The order caused lots of confusion among residents in the area because some of the neighborhoods it included were completely dry and officials had even said the water wasn't expected to go any higher.
The agency's spokesperson said they primarily issued the mandatory evacuation in order to make sure people with already flooded homes wouldn't try to return home quite yet.
LIST: Evacuation shelters
"It's just not safe to go back there yet," Alan Spears said.
While that might've been the agency's goal, it led to plenty of confusion especially because the order came down in the middle of the night.
The pool elevation of Barker is not increasing, it has actually fallen slightly overnight...no additional house flooding is expected #houwx— Jeff Lindner (@JeffLindner1) August 31, 2017
Spears said they hope to get an updated evacuation map online within the next hour so residents will truly know if they should evacuate.

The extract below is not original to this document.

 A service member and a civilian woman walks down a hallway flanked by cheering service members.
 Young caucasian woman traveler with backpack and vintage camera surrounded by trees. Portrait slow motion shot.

The areas now under mandatory evacuation includes:
CANYON GATE – all sections
CINCO RANCH – following sections: Bayou Park Estates, Cinco Forest, Equestrian Village, Fountain View, Greenway Village, Institutional Core, Southpark Meadow Place, North Lake Village, Plaza Subdivision, West Section 7, Willow Fork
GRAND LAKES – all sections
KELLIWOOD – following sections: Courts, Fairways, Greens, Links, Park, Pointe Terrace
WILLOW FORK – Greens, Section 1
There is an interactive map on the Fort Bend County OEM website where citizens can type their address and see if they are in a mandatory evacuation area.
If you are a resident in the evacuation zones and you do not have transportation or a place to go you should call Fort Bend Office of Emergency Management at 281-342-6185 and request assistance with the evacuation.
The U.S. Army Corp of Engineers is currently forecasting a record pool elevation level in the Barker Reservoir several feet above the levels in the Tax Day flood of 2016.